A Few Words About Halo: Reach

Above: Me, earlier this evening, pulling off one of the sweet new Assassination moves on some guy online.

Halo: Reach has been out for almost exactly two months, a modest span of time in which I have managed to devote comfortably over 100 hours to playing it. Yes, really. I'm stating that from the outset not to brag about the fact that some 4 and an half days of my life, which might have been applied toward any manner of personal or professional advancement in a not inconsiderably critical developmental period, have instead been spent in front of the 360, but rather to establish that Halo: Reach is a really good game. I had an inkling of this going in, from my experience with the multiplayer beta (chronicled here), but the extent to which Reach has become a staple of my nights poses an interesting question: why the hell do I still care about Halo?

After all, it's not incredibly different from the four Halo games that preceded it; there's a lot of tweaks, fine-tuning, and loving care put into the game, but that all really adds up to more of a refinement of the hallmarks of the franchise than any sort of reinvention. If anything, Reach deliberately sets out to evoke the first Halo and strips away quite a few of the added features of the sequels. It works brilliantly, even when it really shouldn't.

Here's why: as a franchise, Halo understands that video games as a form live and die by their controls. After you've played a Halo game for a few hours, the controls are about as natural as breathing; and moving to the latest incarnation rarely requires you to learn more than one or two new changes, which are characteristically more intuitive that what they are replacing. (Incidentally, the decision to break with tradition by remapping the melee button from B to right bumper in Reach was a stroke of genius that almost reinvents the game). When you're playing Halo, everything you could possibly want or need to do - shoot, toss a grenade, jump, pistol-whip, etc. - is a single button-press away.
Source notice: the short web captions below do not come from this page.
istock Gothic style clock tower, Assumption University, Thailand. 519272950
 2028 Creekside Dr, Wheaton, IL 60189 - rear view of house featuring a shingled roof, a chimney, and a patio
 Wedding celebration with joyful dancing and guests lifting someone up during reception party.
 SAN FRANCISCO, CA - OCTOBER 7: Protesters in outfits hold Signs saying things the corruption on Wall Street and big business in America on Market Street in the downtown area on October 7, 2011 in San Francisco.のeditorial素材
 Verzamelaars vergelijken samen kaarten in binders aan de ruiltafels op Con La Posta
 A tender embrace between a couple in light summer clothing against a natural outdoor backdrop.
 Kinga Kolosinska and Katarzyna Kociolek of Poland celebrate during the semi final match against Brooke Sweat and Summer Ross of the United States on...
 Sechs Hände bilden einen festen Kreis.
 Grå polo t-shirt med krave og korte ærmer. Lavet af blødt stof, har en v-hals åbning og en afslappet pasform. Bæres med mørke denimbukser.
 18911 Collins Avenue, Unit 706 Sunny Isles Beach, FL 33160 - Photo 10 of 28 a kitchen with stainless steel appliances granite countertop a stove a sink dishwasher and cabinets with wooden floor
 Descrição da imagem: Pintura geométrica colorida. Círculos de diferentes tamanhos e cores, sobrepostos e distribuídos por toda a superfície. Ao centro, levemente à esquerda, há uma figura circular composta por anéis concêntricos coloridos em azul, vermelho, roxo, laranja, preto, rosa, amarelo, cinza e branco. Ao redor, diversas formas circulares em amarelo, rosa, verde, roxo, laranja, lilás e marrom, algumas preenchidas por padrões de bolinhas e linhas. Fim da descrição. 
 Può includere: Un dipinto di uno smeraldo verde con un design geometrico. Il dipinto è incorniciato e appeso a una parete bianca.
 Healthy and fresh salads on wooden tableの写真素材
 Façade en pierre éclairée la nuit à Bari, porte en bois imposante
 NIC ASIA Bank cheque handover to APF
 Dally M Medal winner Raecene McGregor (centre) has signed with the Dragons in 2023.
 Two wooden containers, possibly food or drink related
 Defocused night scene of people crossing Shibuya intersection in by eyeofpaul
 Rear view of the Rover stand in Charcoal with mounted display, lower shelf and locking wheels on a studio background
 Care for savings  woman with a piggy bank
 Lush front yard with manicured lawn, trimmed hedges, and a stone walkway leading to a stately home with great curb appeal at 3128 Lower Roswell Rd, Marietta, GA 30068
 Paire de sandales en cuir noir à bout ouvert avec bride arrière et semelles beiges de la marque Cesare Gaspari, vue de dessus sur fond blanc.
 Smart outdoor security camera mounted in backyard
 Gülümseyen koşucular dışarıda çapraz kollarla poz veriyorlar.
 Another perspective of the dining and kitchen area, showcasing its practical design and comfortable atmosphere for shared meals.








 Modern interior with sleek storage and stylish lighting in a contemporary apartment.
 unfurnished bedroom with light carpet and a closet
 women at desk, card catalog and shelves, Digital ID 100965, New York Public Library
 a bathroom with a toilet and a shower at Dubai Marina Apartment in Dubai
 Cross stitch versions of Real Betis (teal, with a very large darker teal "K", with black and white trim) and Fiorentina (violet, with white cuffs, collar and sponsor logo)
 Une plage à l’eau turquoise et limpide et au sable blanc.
The ridiculous number of effective techniques and attack options underneath the essential simplicity of the control scheme means that you start to develop a personal style pretty quickly, which you are rarely punished for doing. Even hardcore skilled multiplayer Halo junkies vary widely in their favored tactics; there's not a whole lot of unfair advantages to be had.

In all the hours I've spent playing Reach and it's predecessors, I've never felt like there was one right way to play the game. The experience of playing Halo has always struck me as similar to a giant sandbox with a bunch of different toys that are all somehow fun in their own way; there's just this sort of tactile friendliness to the game that encourages that sort of engagement. Halo: Reach is the apex of the series because it takes the Halo mechanics and lets them be the endlessly reconfigurable Rubik's Cube they always were: out of the box, you can choose to play the excellent single-player campaign alone or with friends, you can go online and play any one of a slew of competitive game-types, you can team up with other people in the Firefight mode, which throws waves of enemies at you and grafts on an arcade-style scoring mode, or you can come up with something completely unique using the Forge editor that comes with the game.

I think that more than anything else, Halo: Reach succeeds so wildly as a game because it invites you to have the experience that you want to have (as long as that experience involves shooting things, naturally, but if that's not your cup of tea, there's always reading). Since I've been playing it, it's been hard for me to really contemplate switching to another game; I may eventually pick up Call of Duty: Black Ops since it's getting good reviews, and there's those neat-looking Borderlands and Red Dead Redemption expansions, but I think it's going to take some time before Reach gets its hooks out of me.